Alle 23:36, lunedì 21 novembre 2005, Dave Kleikamp ha scritto:
>
> A very similar problem was reported before, but I never did figure out
> what the cause was:
> http://www.mail-archive.com/[email protected]/msg00250.h
>tml
>
> I run gentoo myself and haven't seen it firsthand. I've tried
> remounting between read-only & read-write under a number of different
> circumstances, but I still can't recreate the problem.
>
> What modules do you have loaded? That seemed to make a difference.

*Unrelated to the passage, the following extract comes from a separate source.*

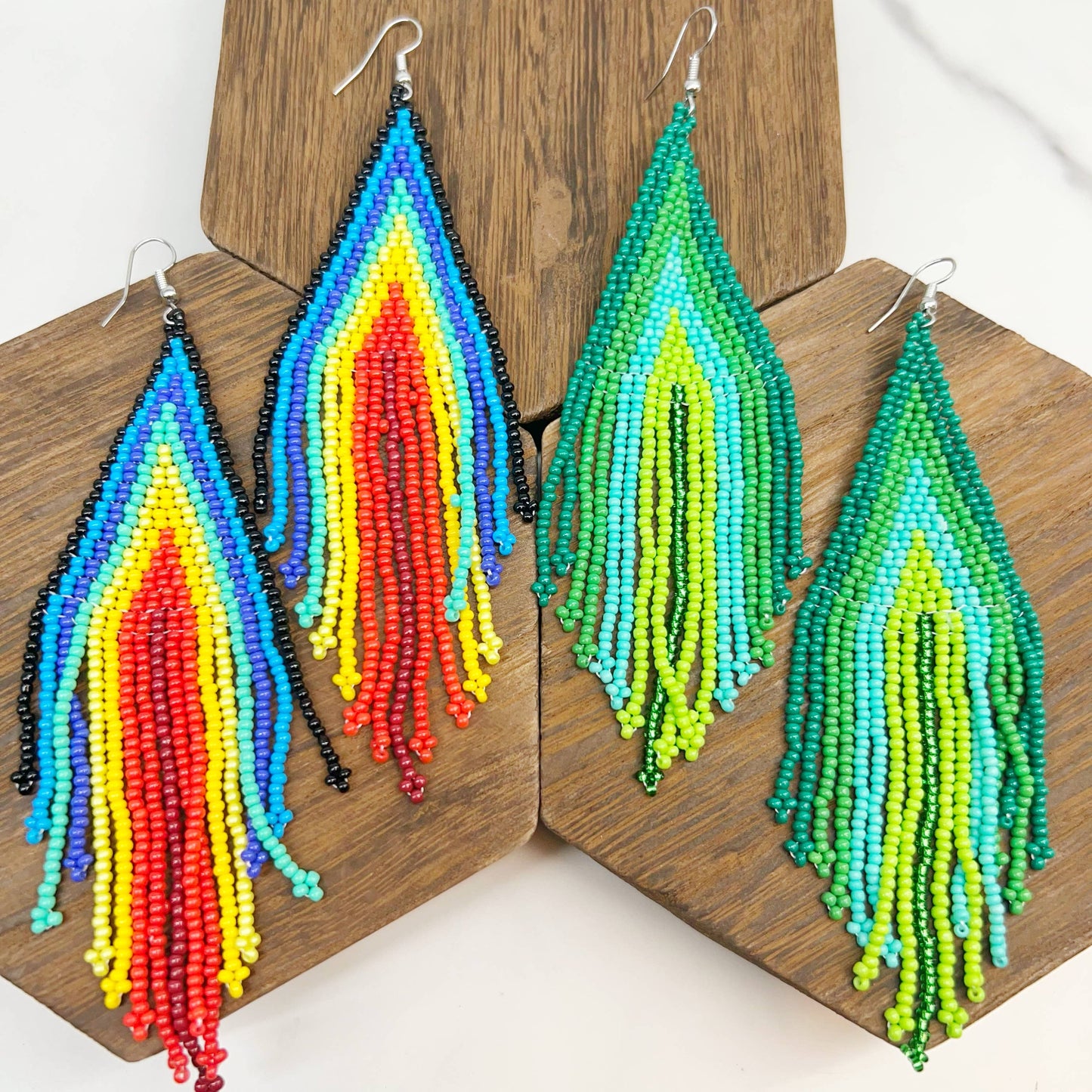 Beaded Boho Fringe Earrings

Well, the list of loaded modules is in the report below; anyway I've noticed
that a similar oop (or BUG) happens often at boot, maybe it can be related to
log replay. On this machine I change quite often kernel (at least, at every
MM release) and I've noticed that reboot is very "dangerous" moment for my
jfs volumes. Say, several reboots with rc4-mm1, no problems. Complied
rc4-mm2, booted with BUG. rebooted back with rc4-mm1, BUG. it has no pattern
that I can find, but it seems related to some strange state of written data
that confuses jfs code.
Last time, something happened not during boot but where unmerging after glibc
merging (so after heavy HD load): unmerge got stuck executing rm (D state)

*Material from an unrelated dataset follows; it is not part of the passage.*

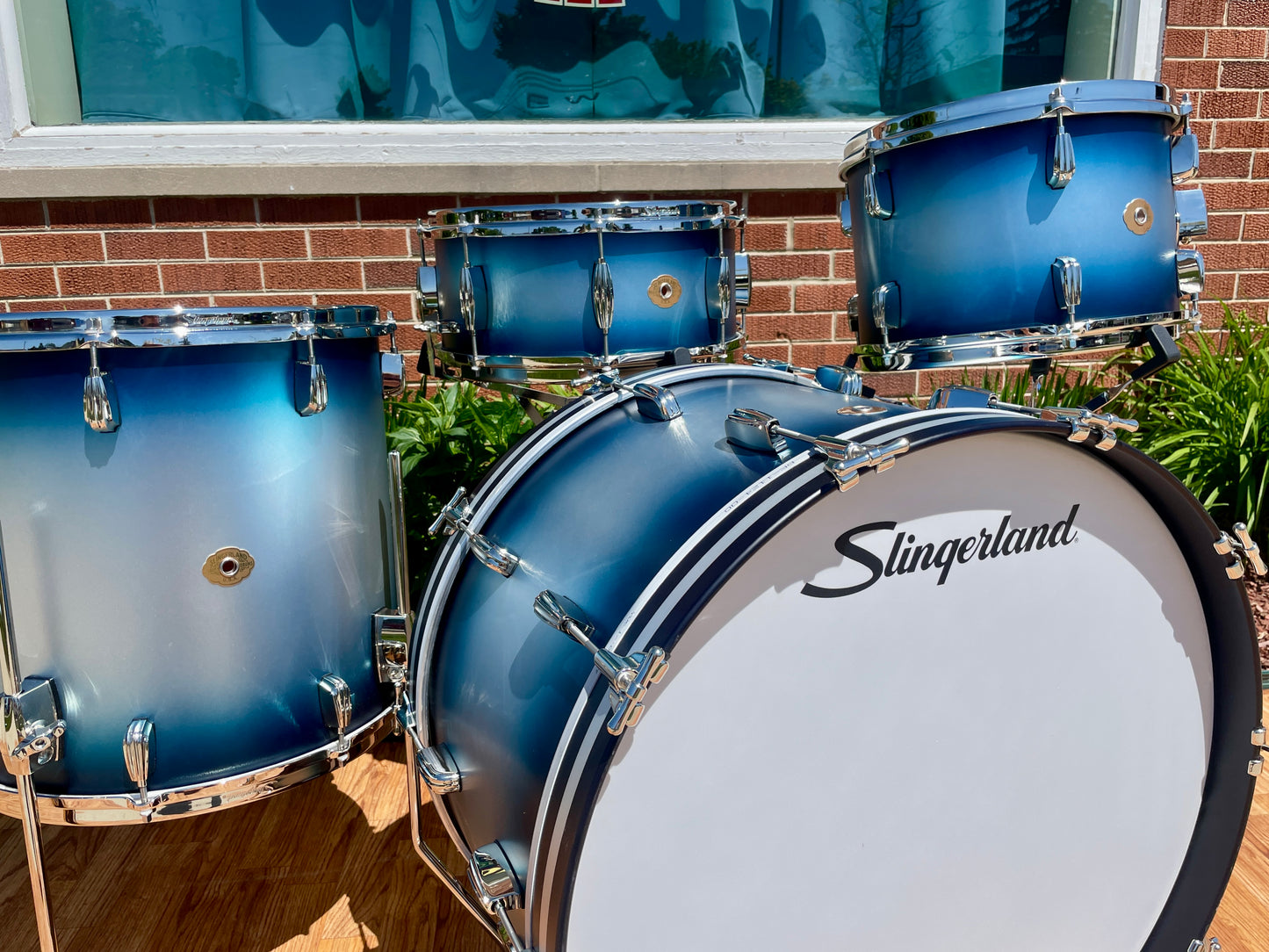 Slingerland Radio King 3-Ply Mahogany/Poplar Drum Set Silver & Blue Lacquer 24/13/16 w/ 6.5x14 Snare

and after reboot all files related to glibc were corrupted or damaged (even
lib*so symlinks), maybe jfs was hit hard and was unable to wrote down data in
a right way.
This happens with mm series kernel, I've no data for vanilla kernel.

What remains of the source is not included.